**Dataset extract:**
--------------------------------

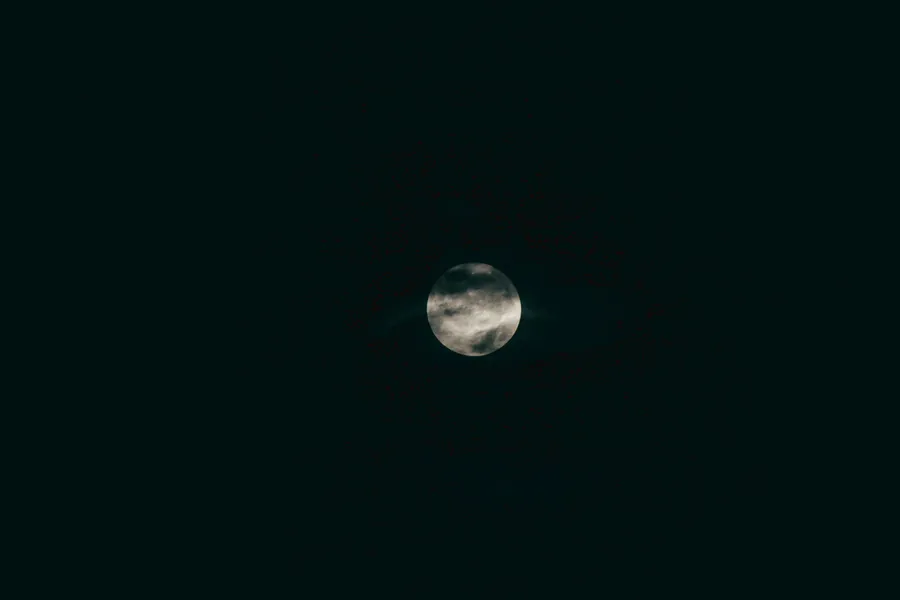 在黑暗的夜空中,月亮被雲層部分遮蓋。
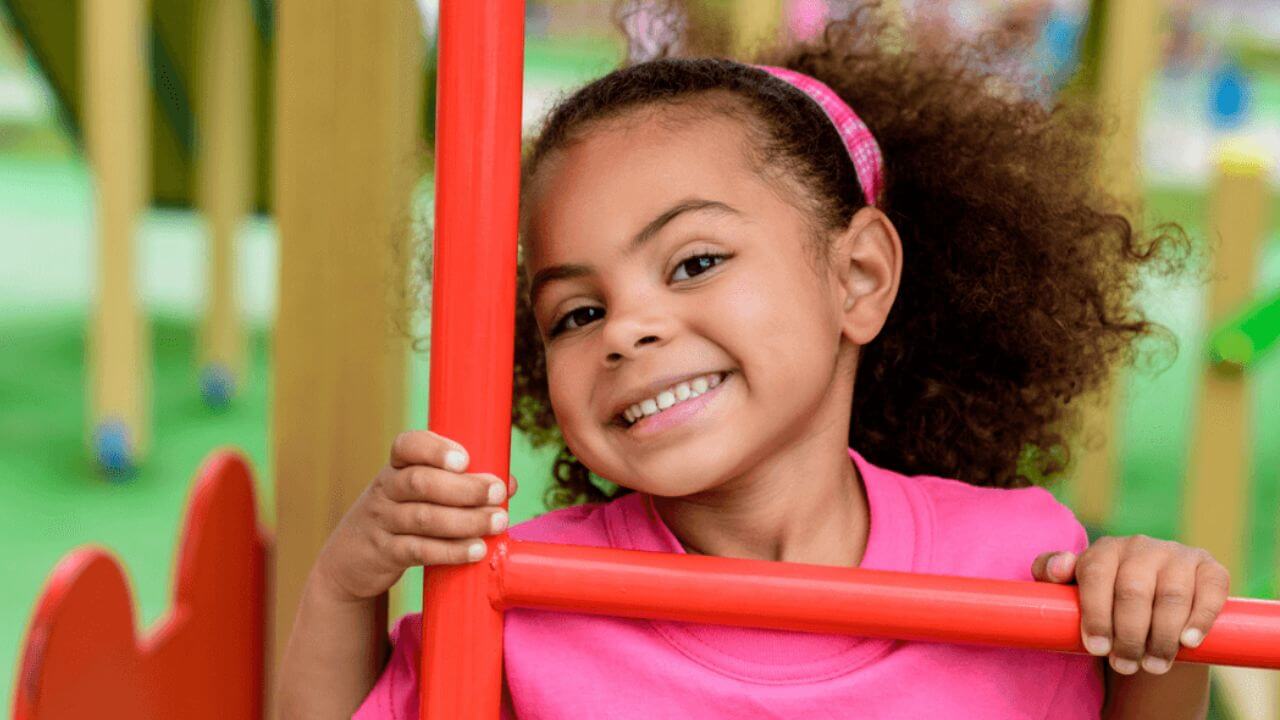 Child Smiling on Playground and Looking Happy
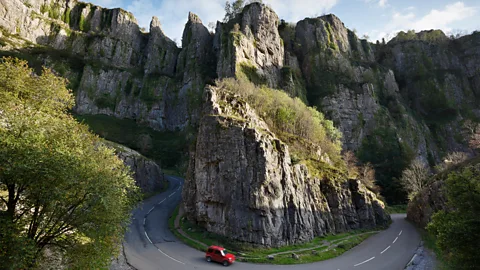 James Osmond/Getty Images If you want to taste authentic cheddar cheese, you need to visit the tiny village of Cheddar, located near the towering cliffs of Cheddar Gorge (Credit: James Osmond/Getty Images)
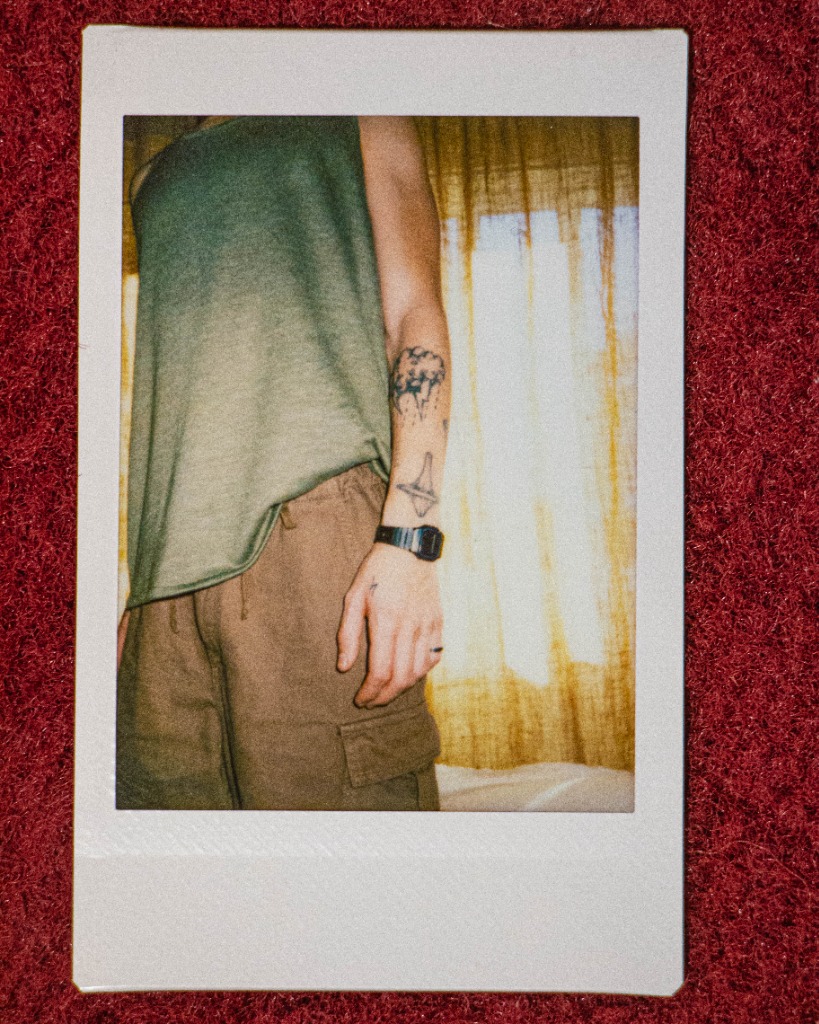 Polaroid of Flynn's clothing and tattoos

--------------------------------

**Exercise prompt:** Print the lines from the line containing "James Osmond/Getty Images If" through the last line of the listing, exactly as they stand, and leave any pictures out.

**Solution to the exercise:**
 James Osmond/Getty Images If you want to taste authentic cheddar cheese, you need to visit the tiny village of Cheddar, located near the towering cliffs of Cheddar Gorge (Credit: James Osmond/Getty Images)
 Polaroid of Flynn's clothing and tattoos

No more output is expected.